BRIEF: What is the number of lines in the entries that include the word "Berlin"? Respond with the number only.

INPUT RECORDS:
_ _ _ _
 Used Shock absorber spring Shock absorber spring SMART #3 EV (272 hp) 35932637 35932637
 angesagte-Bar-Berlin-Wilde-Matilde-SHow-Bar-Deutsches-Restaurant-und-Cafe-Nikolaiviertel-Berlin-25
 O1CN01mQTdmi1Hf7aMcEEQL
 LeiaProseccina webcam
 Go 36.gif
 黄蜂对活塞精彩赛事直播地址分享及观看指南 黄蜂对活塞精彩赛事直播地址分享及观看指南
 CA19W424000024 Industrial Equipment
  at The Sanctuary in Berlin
_ _ _ _
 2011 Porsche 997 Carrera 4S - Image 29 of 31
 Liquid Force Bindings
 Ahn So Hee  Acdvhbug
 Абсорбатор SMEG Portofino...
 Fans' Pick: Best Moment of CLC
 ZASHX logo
_ _ _ _
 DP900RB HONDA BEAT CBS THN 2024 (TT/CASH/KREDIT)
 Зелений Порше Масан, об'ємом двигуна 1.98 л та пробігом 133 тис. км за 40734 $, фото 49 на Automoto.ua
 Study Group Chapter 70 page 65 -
_ _ _ _
ANSWER SPACE: 2